O que me traz aqui hoje é a intenção de transmitir algumas informações sobre um assunto delicado e complexo: Eleições 2014. Como assim? Eu, assim como qualquer brasileiro, sempre fiquei intrigado com o fato de que nós, brasileiros, termos desenvolvido o sistema eleitoral mais rápido e inexpugnável de todo o Mundo. Como programador, sempre fui fascinado pela forma ágil e segura que nossas eleições ocorriam e tinham os resultados apurados, embora o código fonte das urnas eletrônicas nunca tivesse sido revelado. Como nós estávamos errados! Meus objetivos com este artigo são claros e definidos. Primeiramente, quero explicar a você as diferenças tecnológicas entre as urnas eletrônicas. A seguir, citarei alguns acontecimentos ocorridos em 2010 e 2012. Espero que esteja pronto para abrir a caixa-preta das urnas biométricas. Vamos lá.

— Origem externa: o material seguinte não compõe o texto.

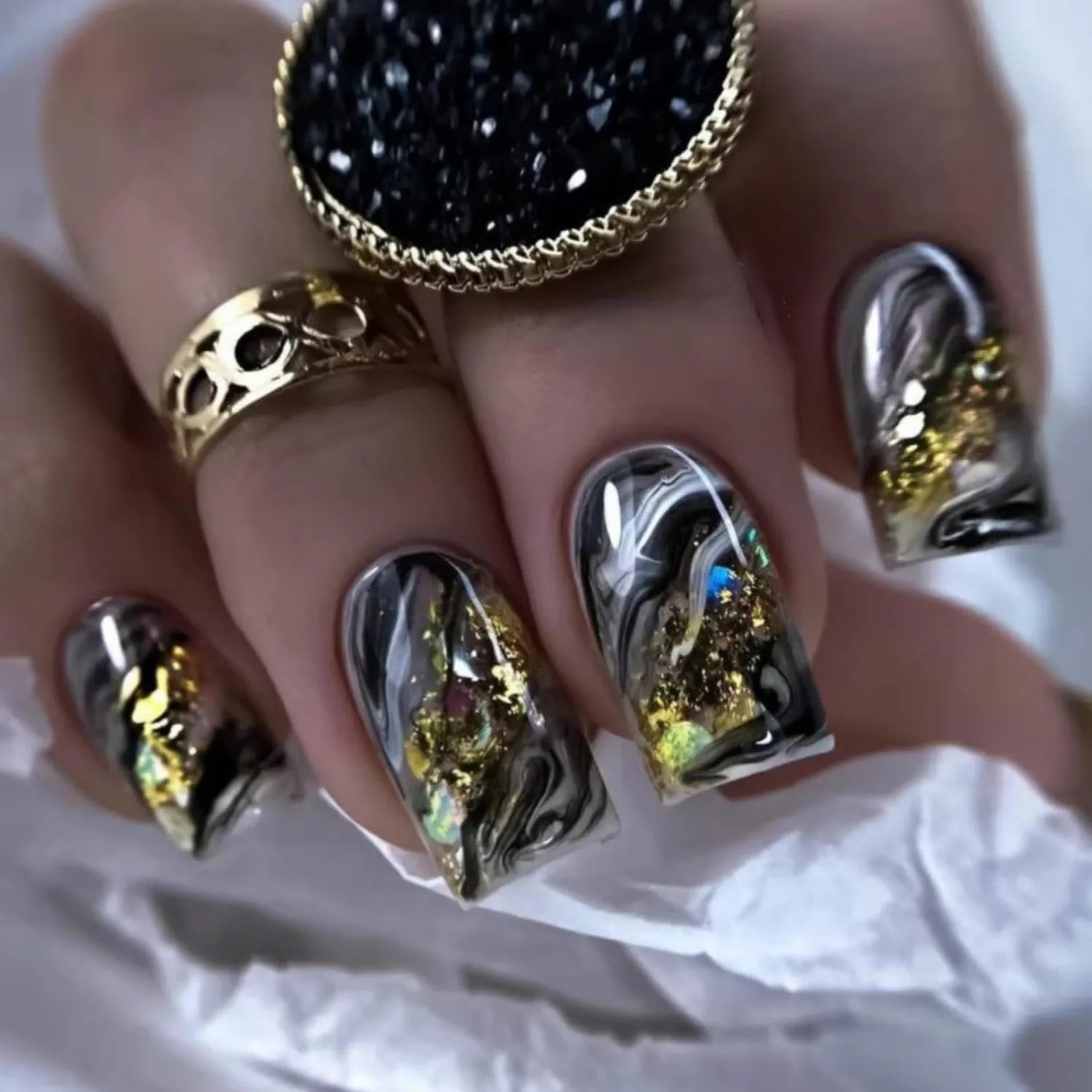 Black Press on Nails Medium Fake Nails Full Cover False Nails with Gold Foil Designs Smudge Line Acrylic Nail Square Shape Artificial Nails Glossy Stick on Nails for Women DIY Manicure Decorations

Não questiono a seriedade e a boa intenção do algumas pessoas do TSE de garantir o sucesso do processo eleitoral brasileiro, promovendo a democracia. Infelizmente, nem todos tem a mesma intenção.Igualmente, a imparcialidade dos mesmos ministros nas decisões no STF, em 2013, foi discutível e são eles que compõe o TSE. Da mesma forma que nós não podemos atacar nosso Poder Legislativo por termos crápulas, escroques e pilantras, embrulhados em ternos caros, no Congresso Nacional ( pois os colocamos lá), nós também não podemos culpar apenas o TSE pelas fraudes ocorridas em vários municípios brasileiros.  Mas, será que nós os colocamos no Congresso mesmo? E é sobre isto que falaremos hoje. Temos, no Brasil, outro problema sério e que aflige todos os serviços públicos: a TERCEIRIZAÇÃO. Além disso, temos que lembrar que somos um dos poucos países onde os legisladores é que fazem as leis eleitorais e quem as aplicam são os mesmos que a fiscalizam.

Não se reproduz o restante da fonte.